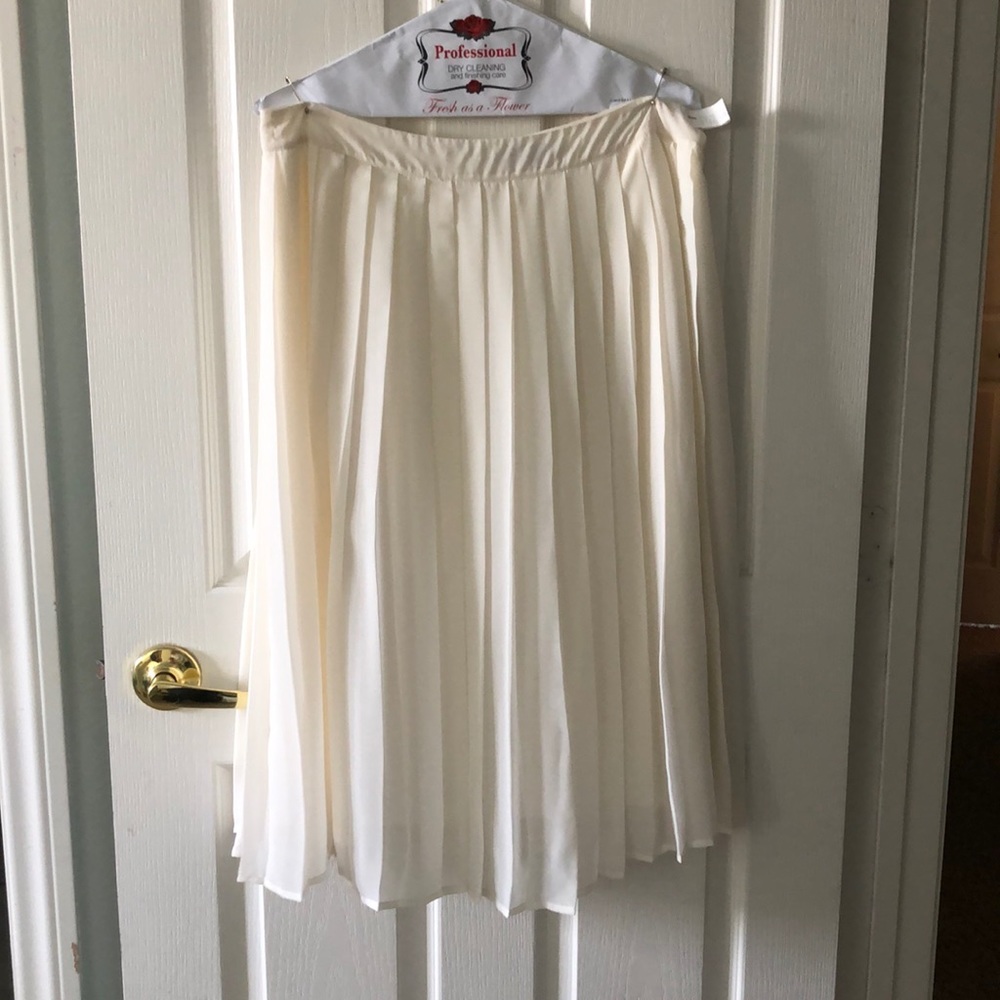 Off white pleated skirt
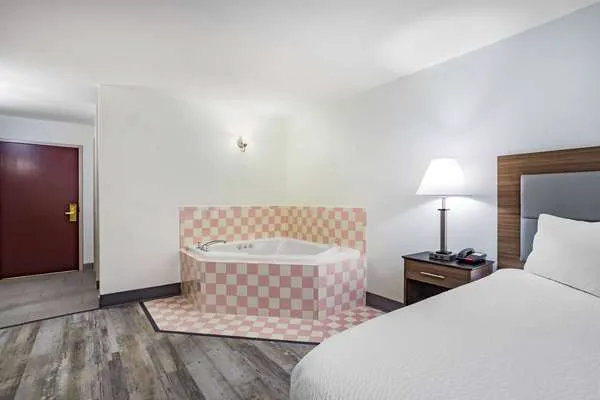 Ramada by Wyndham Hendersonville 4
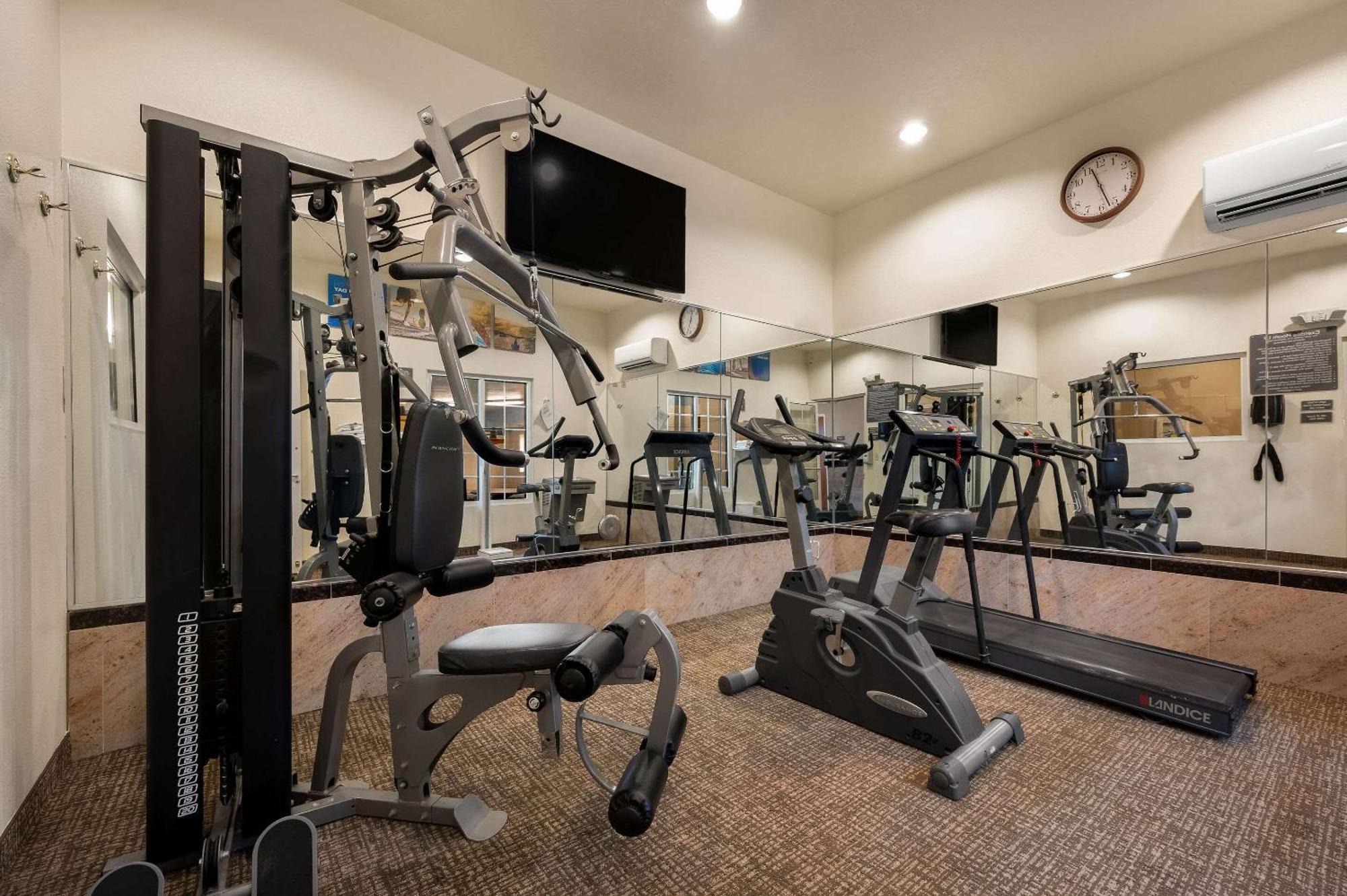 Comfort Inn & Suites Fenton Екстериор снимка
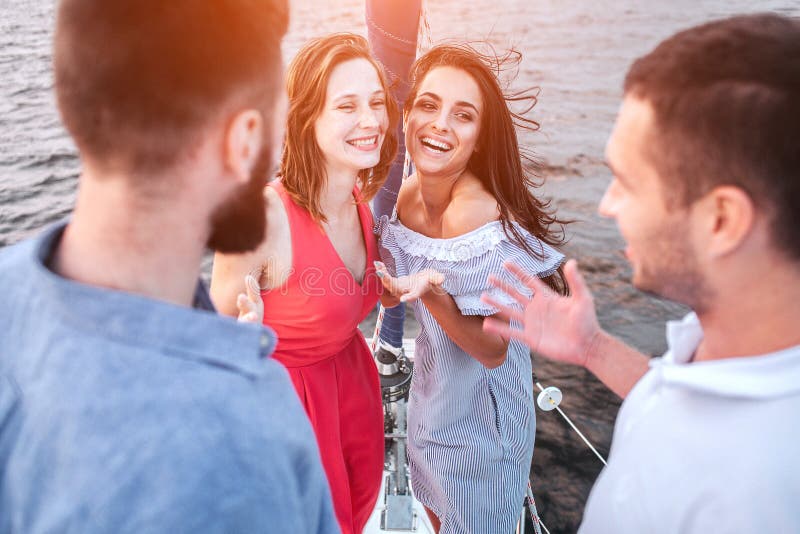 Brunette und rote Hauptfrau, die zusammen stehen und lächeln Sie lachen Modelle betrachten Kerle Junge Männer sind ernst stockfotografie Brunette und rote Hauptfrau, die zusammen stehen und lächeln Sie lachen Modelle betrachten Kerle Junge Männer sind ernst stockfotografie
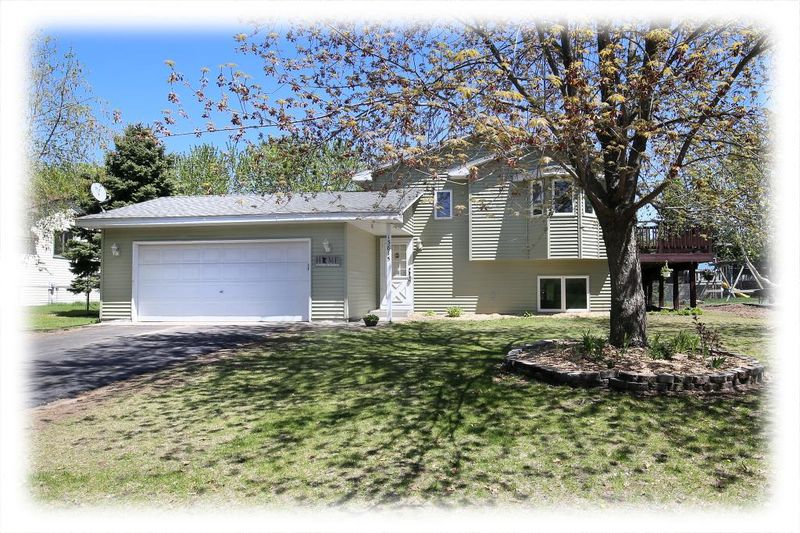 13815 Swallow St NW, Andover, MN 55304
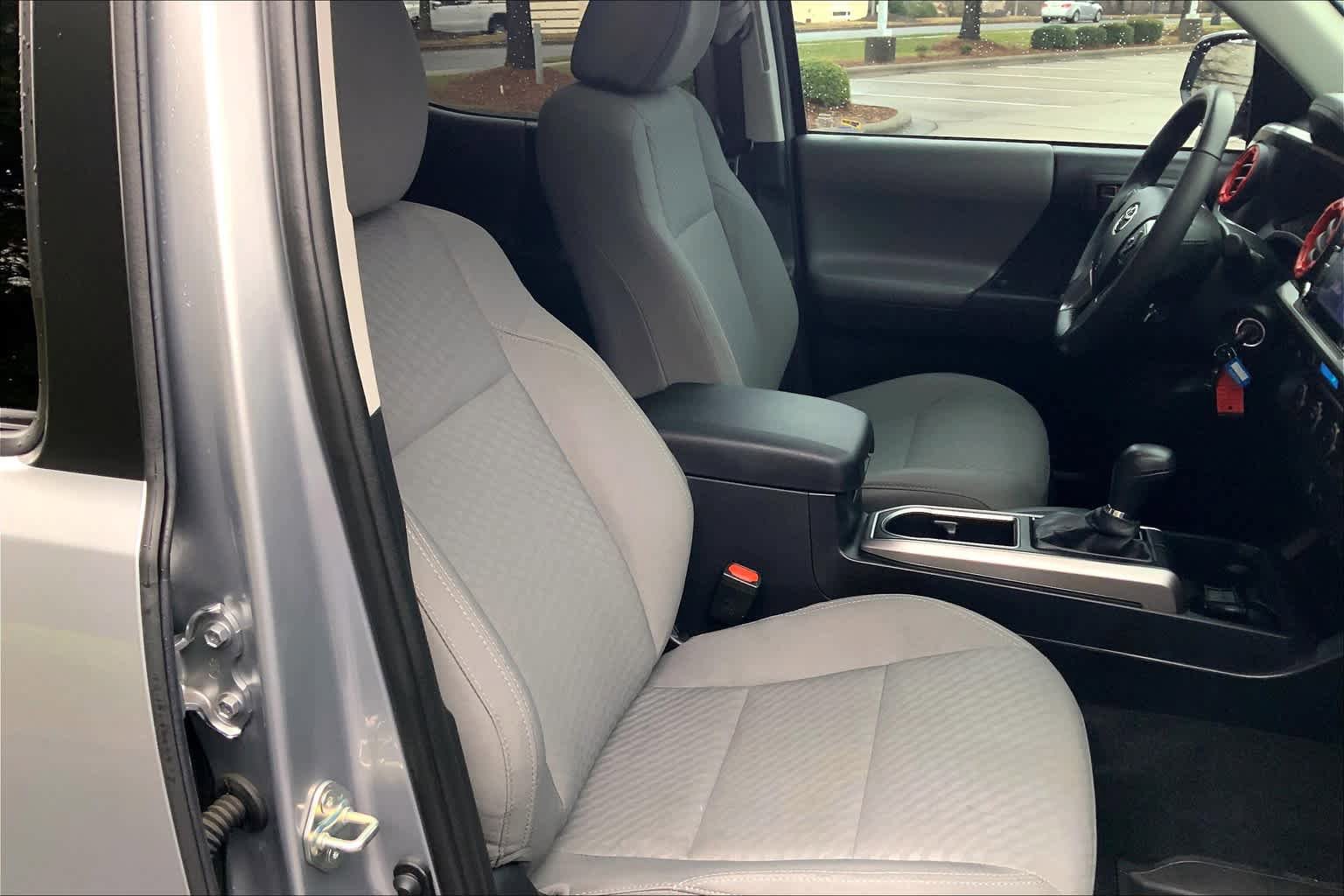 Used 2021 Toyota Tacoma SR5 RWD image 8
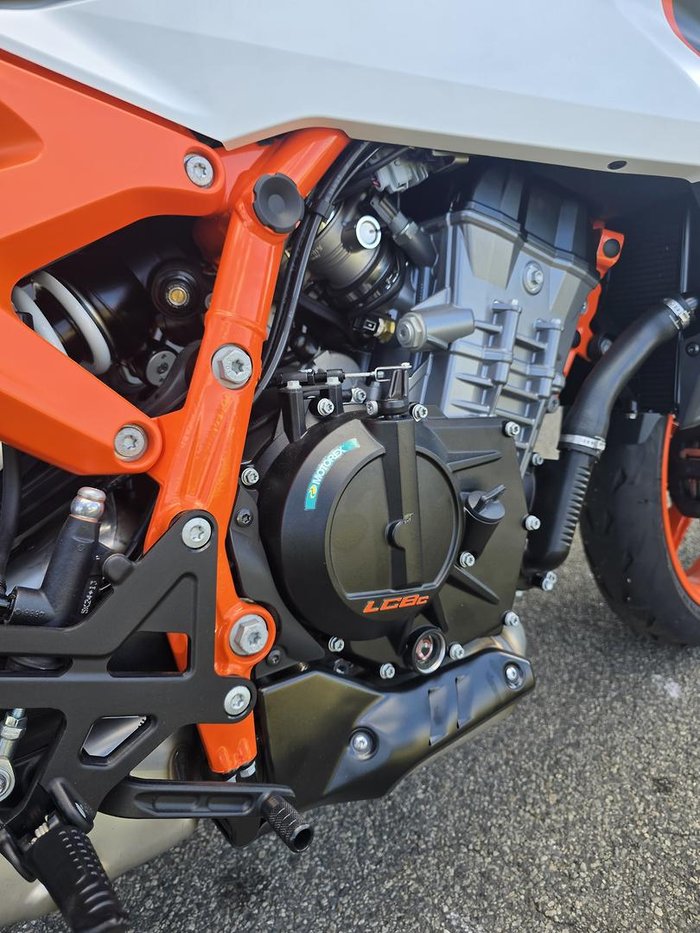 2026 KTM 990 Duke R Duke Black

◆ ASSIGNED TASK:
Restate word for word only the lines that run from the line holding "13815 Swallow St NW, Andover, MN 55304" to the end of the data, both ends kept, leaving every picture out.

◆ EXERCISE RESULT:
 13815 Swallow St NW, Andover, MN 55304
 Used 2021 Toyota Tacoma SR5 RWD image 8
 2026 KTM 990 Duke R Duke Black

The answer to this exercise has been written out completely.